In an email to Downing's daughter, a member of the medical clinic wrote: "I am sorry that your father did not get referred for colonoscopy earlier and I'm sorry that he and your family have had to suffer for this. In our GP education group I have made the other doctors in [the area aware of the] importance of early referral in cases like these and hope that we will improve our care of similar patients in future."
The clinic declined to discuss the case with the Herald.
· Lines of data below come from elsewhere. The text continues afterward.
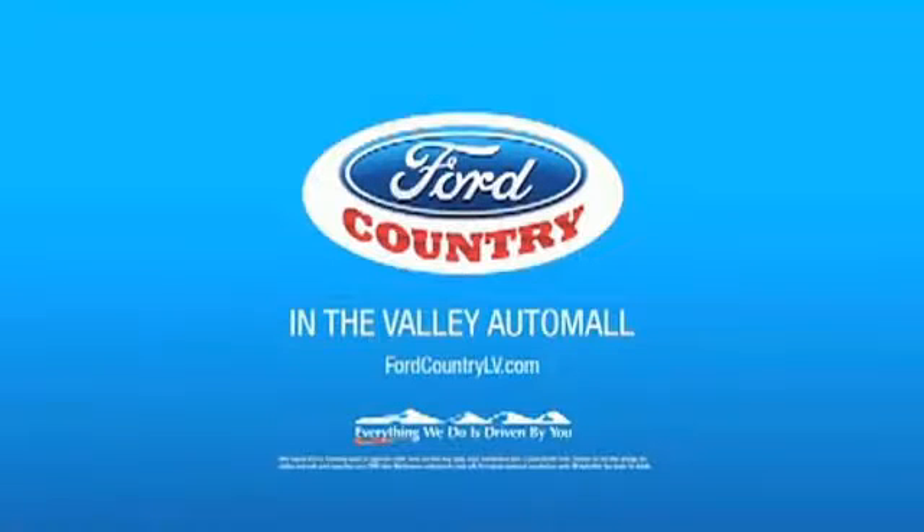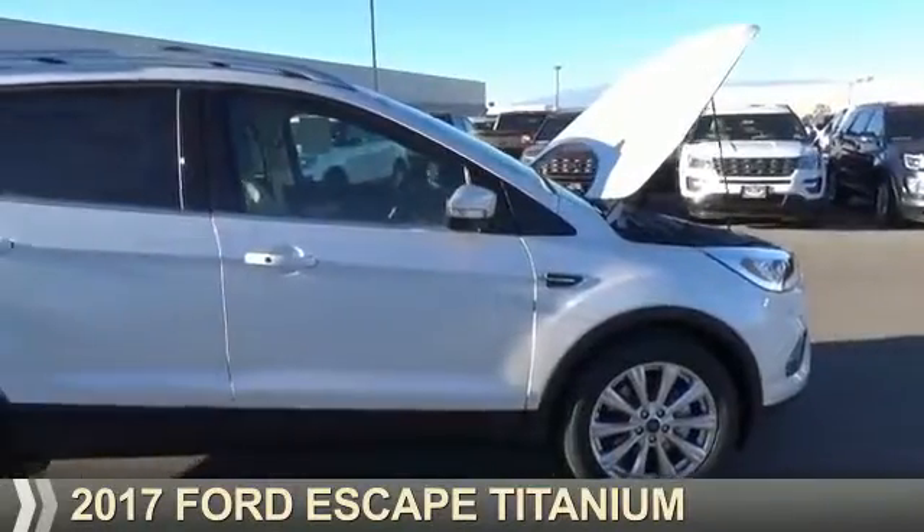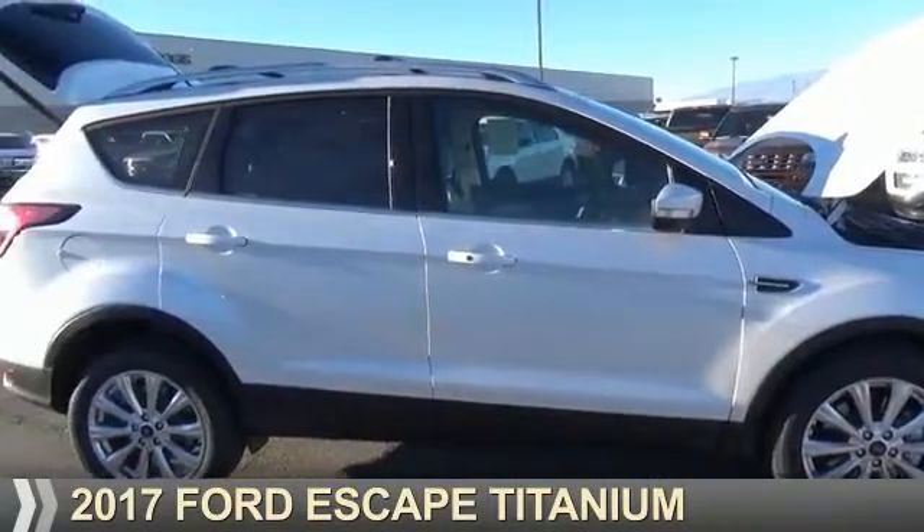Visit Ford Country in the Valley Auto Mall today. Presenting the 2017 Ford Escape.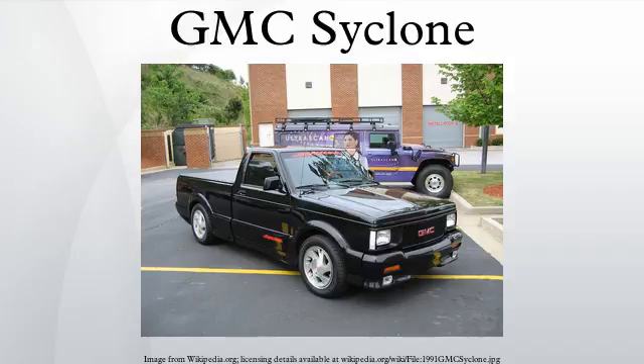The Cyclone, Typhoon, and Sonoma GT were built for GMC by Production Automotive Services of Troy, Michigan, and sold through dealerships. The Cyclone and Typhoon's gauge cluster is the one used in the Pontiac Sunbird Turbo, which was discontinued in 1990, one year before the Cyclone was introduced.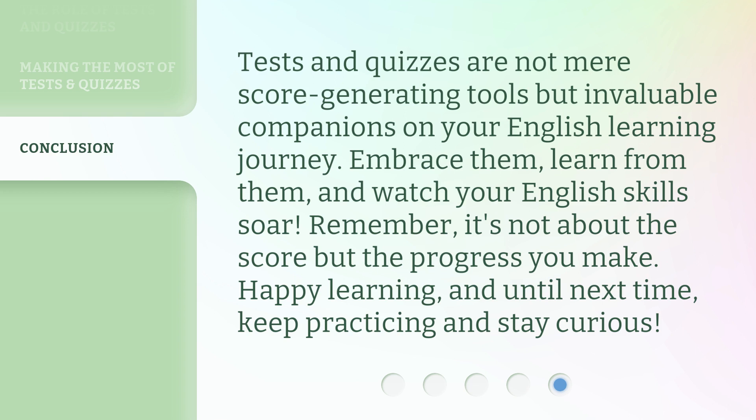Remember, it's not about the score but the progress you make. Happy learning, and until next time, keep practicing and stay curious.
"The family's concerns were investigated, and responded to, a year ago and we have always been willing to discuss them further with the patient and his family."
The Nelson Marlborough DHB said it did not comment on patients' care, but urged Downing to make a formal complaint.
"DHBs ask patients to contact them directly with complaints so that someone can have a conversation with the patient, hear them out, then log a complaint and look into it properly."
Health Minister David Clark said the health system needed to lift its game in cancer care.
Most cancer patients received timely, good care, but waiting times for some were too long. The ministry was developing recovery plans with those DHBs falling behind on waiting times. He had instructed the ministry to prioritise its cancer work.